[nf-tests] Assure reproducibility

nf-core / deepmodeloptim

Stochastic Testing and Input Manipulation for Unbiased Learning Systems

https://nf-co.re/deepmodeloptim

MIT License

23 stars 9 forks source link

[nf-tests] Assure reproducibility #55

Open suzannejin opened 7 months ago

suzannejin commented 7 months ago

random sampling There are many random sampling methods, including random.sample, and other low level within library sampling. Setting random.seed(0) at the very beginning of a script won't work.

set operations Sets are unordered, consequently everything handled with sets are not gonna follow a certain order, and this is not controllable. However, set operations are very efficient.

Alternatives?

mathysgrapotte commented 6 months ago

This will be checked on #73 a similar solution to shuffling #70 can be done (testing a first pipeline run, saving results and checking that further pipeline runs show the same results, this can also be done with nf-tests I believe).

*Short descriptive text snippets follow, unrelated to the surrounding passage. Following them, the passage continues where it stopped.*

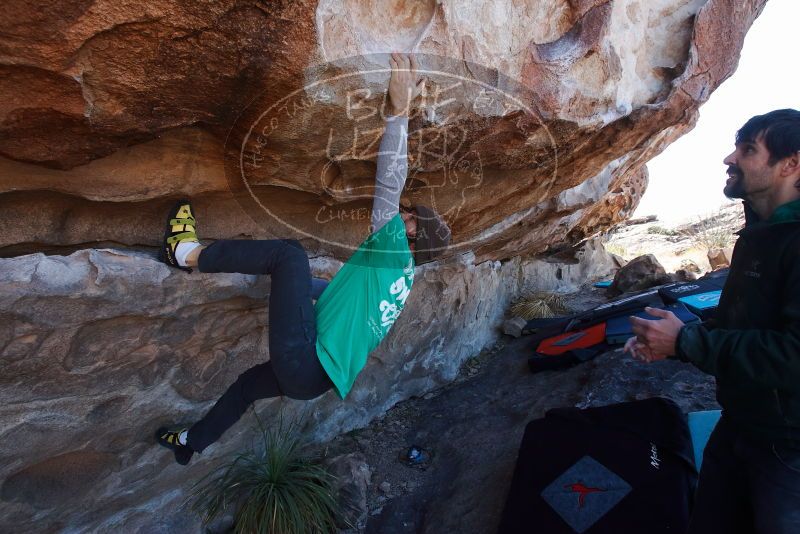 Bouldering in Hueco Tanks on 02/22/2019 with Blue Lizard Climbing and Yoga
Filename: SRM_20190222_1202310.jpg
Aperture: f/7.1
Shutter Speed: 1/250
Body: Canon EOS-1D Mark II
Lens: Canon EF 16-35mm f/2.8 L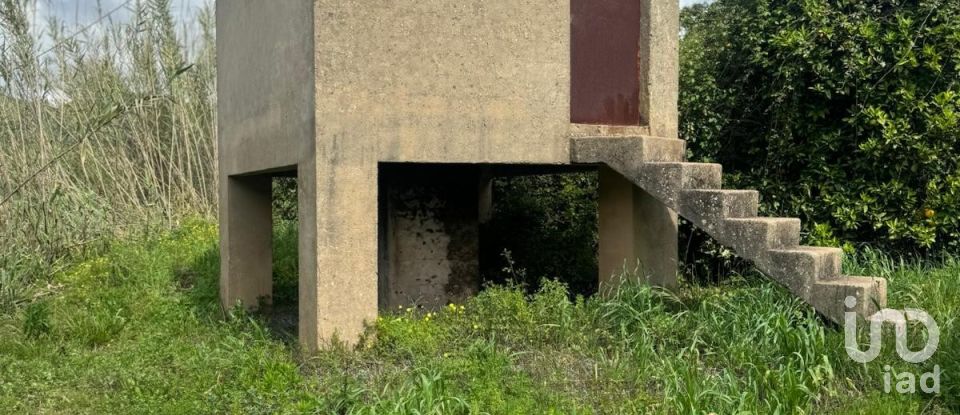 Terrain à Silves de 3 900 m²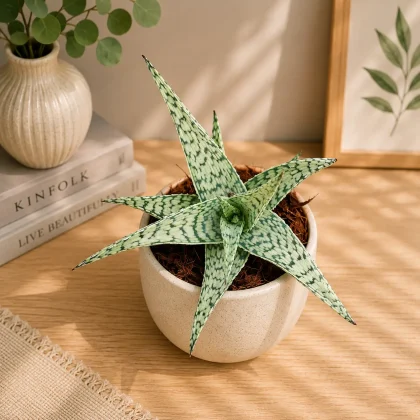 Aloe hybrida ‘Doran Black’ – Rare Dark Foliage Hybrid Succulent - Nook & Nature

alessiovignoli commented 5 months ago

liked to #40

alessiovignoli commented 3 months ago

PR #166 is setting the basis for testing reproducibility. Throught the debug mode. The point is that this issue is much bigger than just checking if output are identical. Because how close to reproducible you are likely depends on the ammount of data, tha size of the model, how long until convergence in learning and the complexity of the problem.